Del resto, la battaglia 'della valle' contro l’alta velocità “non inizia e non si conclude oggi - ripete Lauriola - alle nostre assemblee ci sono i 15enni insieme ai loro nonni di 80 anni che iniziarono questa lotta 30 anni fa. Siamo una comunità che si è formata nella lotta e continua a lottare”. Negli anni, il movimento ha assistito alle mille contraddizioni e alle tante giravolte delle forze politiche in Parlamento. A proposito di attualità, “la Lega, per esempio, una volta era contraria, i loro rappresentanti venivano alle nostre assemblee - ricorda Lauriola - oggi è a favore. Rifondazione cambiò idea all’epoca del governo Prodi, ora ha cambiato idea anche il M5S. Ecco perché noi diciamo sempre che ‘non ci sono governi amici’”. 

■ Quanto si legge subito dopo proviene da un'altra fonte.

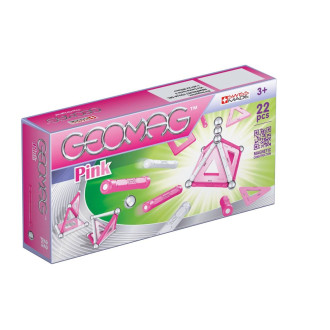 Geomag Panel Pink - 22 dílků
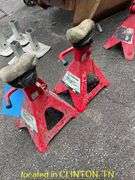 (QTY2) 6TON JACK STANDS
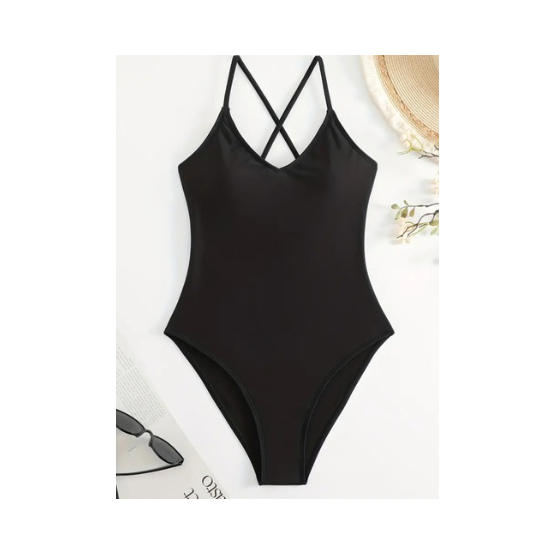 Swimming Matters Lace Up One Piece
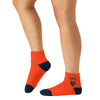 Chicago Bears NFL Womens 2 Pack Script Logo Fuzzy Ankle Socks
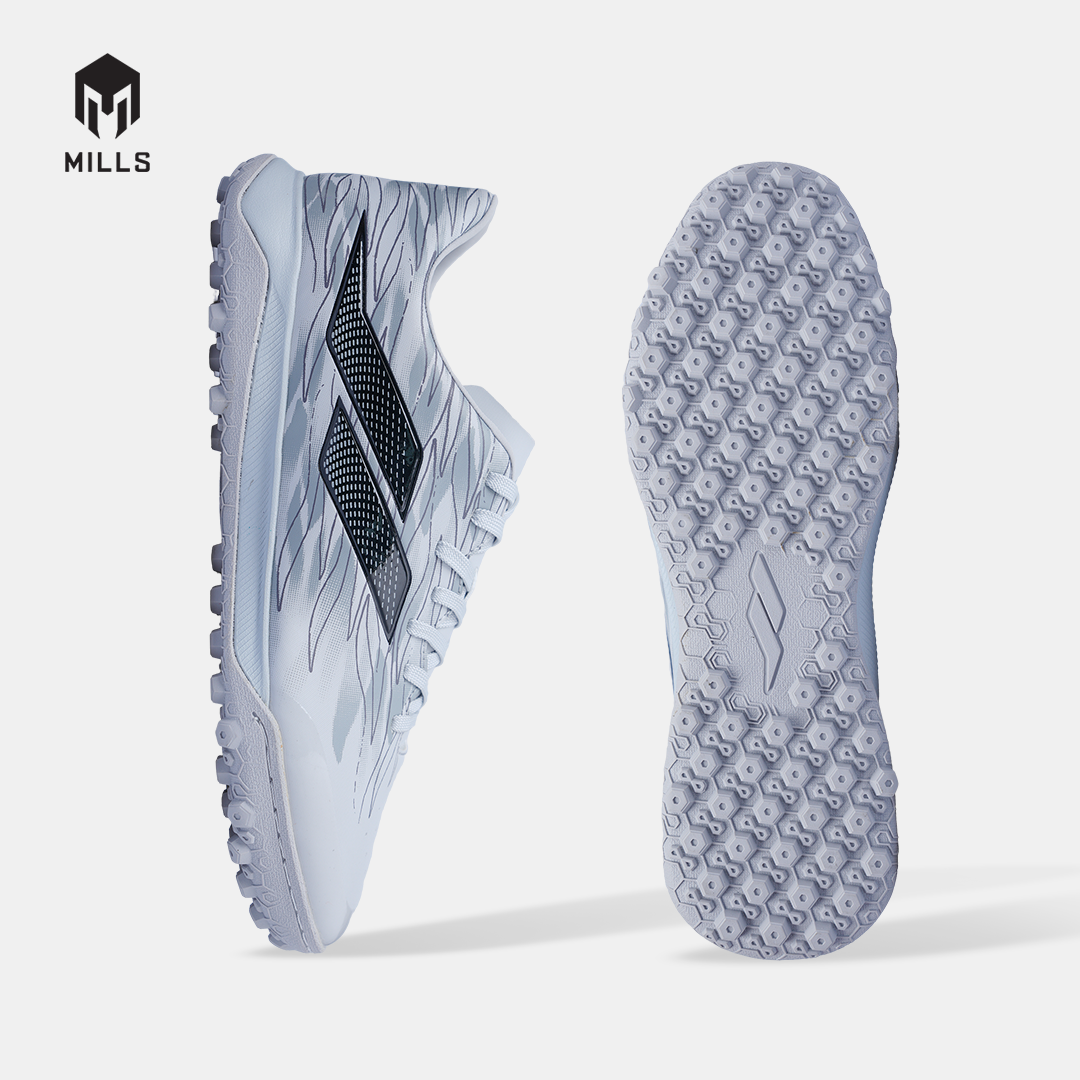 MILLS SEPATU MINI SOCCER VOLTASALA FLARE TF LITE.GREY/GREY/BLACK 9002504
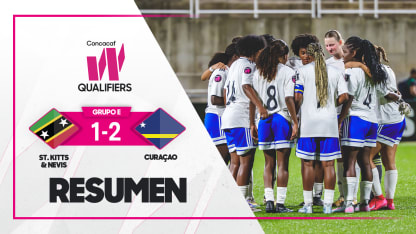 image: San Cristóbal y Nieves v Curazao | Resumen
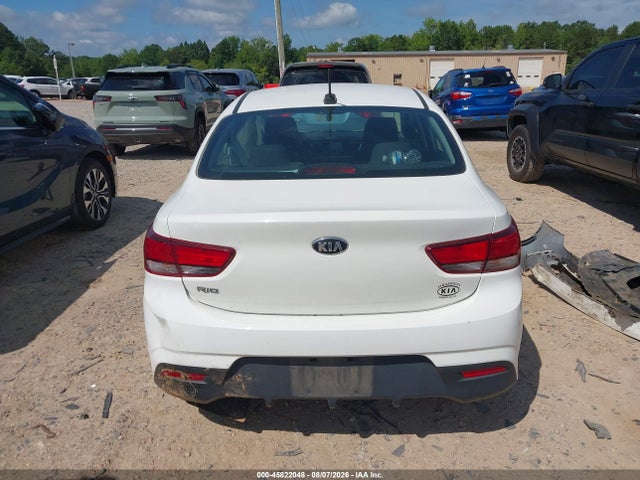 45822048 :رقم المزاد ، 3KPA24AB3JE078593 vin ، 2018 Kia Rio Lx مزاد بيع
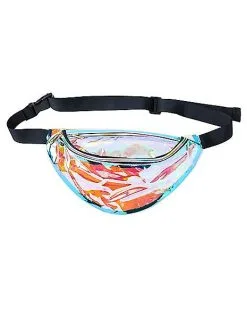 Spirit Halloween '80s Iridescent Fanny Pack
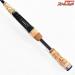 【ダイワ】 ブラックレーベル プラス BL+ 621LXS DAIWA BLACK LABEL PLUS バス スピニングモデル K_231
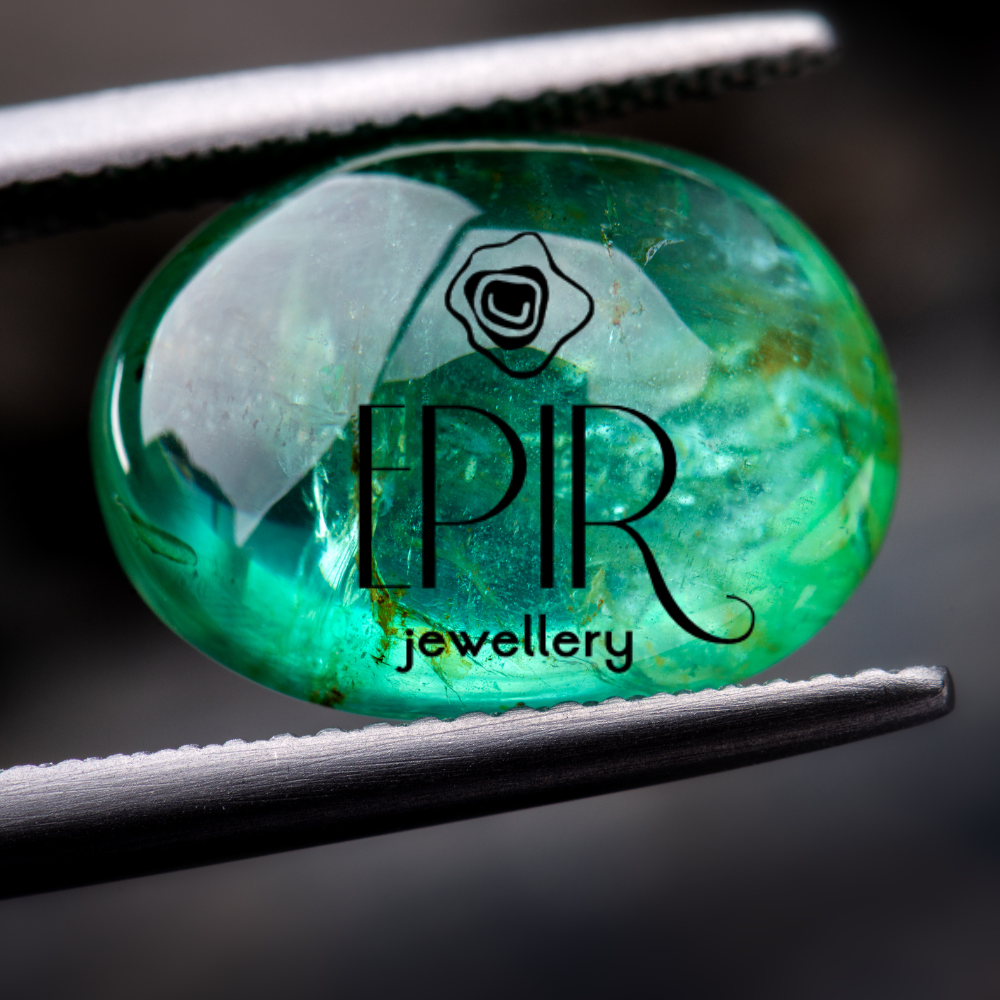 BIŻUTERIA SREBRNA ZE SZMARAGDAMI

Dunque Lauriola torna sull’allerta sicurezza in vista del corteo di sabato. “La gente ci chiede in queste ore se ci saranno incidenti, non ci interessa alimentare questo clima di terrore che stanno ingenerando. Noi siamo tranquilli, proveremo ad avvicinarci il più possibile al cantiere - preannuncia - sono 30 anni che lottiamo, con la schiena dritta. La partita non è finita. Per fare quest’opera dovranno passare sui nostri corpi”.